§ Records to use:
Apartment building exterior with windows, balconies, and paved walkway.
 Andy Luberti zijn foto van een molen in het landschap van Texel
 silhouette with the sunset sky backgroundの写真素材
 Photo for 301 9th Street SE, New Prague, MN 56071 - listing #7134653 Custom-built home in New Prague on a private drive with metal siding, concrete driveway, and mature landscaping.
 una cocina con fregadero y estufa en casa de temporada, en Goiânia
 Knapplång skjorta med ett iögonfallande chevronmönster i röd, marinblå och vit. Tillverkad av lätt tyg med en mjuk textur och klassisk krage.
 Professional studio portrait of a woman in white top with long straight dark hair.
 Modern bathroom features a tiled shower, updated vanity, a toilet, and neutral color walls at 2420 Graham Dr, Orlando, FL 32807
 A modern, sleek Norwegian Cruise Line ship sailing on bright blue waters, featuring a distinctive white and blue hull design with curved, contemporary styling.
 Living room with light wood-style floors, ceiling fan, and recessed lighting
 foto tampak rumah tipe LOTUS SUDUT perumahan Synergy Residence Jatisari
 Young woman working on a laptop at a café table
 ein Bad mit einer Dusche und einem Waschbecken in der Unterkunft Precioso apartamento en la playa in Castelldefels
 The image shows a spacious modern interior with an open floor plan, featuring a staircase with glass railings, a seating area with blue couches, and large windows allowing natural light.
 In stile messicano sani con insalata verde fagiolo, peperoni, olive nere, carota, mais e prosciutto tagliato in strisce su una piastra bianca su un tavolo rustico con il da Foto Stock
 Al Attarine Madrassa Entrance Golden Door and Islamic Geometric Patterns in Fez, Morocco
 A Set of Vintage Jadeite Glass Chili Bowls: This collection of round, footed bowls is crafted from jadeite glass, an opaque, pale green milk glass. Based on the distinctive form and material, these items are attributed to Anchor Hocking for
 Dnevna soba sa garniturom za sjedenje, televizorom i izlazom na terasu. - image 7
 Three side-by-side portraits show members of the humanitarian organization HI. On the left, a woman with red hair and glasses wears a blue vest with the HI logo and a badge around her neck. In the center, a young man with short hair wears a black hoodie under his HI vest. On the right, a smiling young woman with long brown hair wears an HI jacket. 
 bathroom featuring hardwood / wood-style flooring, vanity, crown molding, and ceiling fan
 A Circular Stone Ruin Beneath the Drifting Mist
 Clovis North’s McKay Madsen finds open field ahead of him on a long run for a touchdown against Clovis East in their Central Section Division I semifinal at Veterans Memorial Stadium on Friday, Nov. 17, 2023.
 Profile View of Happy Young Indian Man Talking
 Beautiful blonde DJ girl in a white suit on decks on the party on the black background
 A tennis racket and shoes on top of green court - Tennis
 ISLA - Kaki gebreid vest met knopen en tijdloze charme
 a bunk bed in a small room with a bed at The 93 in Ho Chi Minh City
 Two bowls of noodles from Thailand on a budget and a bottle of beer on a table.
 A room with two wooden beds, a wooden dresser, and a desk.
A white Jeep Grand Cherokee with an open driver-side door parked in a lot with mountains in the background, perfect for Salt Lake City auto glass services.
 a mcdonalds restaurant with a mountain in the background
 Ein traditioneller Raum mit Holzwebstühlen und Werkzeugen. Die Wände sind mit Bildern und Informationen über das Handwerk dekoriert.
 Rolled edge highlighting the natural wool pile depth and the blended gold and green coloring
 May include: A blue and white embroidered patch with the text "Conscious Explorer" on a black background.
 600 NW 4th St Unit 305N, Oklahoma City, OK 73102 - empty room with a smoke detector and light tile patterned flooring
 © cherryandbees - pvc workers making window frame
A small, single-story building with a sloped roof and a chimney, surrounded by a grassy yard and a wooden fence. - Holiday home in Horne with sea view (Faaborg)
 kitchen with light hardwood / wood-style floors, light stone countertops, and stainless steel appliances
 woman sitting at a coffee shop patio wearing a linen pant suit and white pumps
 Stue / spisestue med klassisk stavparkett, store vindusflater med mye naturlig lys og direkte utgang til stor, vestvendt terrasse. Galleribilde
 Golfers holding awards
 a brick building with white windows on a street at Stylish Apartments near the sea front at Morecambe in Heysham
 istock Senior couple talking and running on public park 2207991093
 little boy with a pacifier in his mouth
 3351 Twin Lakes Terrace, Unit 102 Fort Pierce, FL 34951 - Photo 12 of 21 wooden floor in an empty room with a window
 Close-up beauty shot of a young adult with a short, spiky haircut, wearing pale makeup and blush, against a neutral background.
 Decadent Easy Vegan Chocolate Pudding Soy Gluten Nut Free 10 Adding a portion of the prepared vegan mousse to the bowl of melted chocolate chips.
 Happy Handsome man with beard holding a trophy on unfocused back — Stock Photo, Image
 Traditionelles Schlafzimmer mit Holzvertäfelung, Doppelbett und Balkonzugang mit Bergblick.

§ What you have to do: Return each line from the data where the string "wooden" can be found.

§ Result of the task:
 A room with two wooden beds, a wooden dresser, and a desk.
A small, single-story building with a sloped roof and a chimney, surrounded by a grassy yard and a wooden fence. - Holiday home in Horne with sea view (Faaborg)
 3351 Twin Lakes Terrace, Unit 102 Fort Pierce, FL 34951 - Photo 12 of 21 wooden floor in an empty room with a window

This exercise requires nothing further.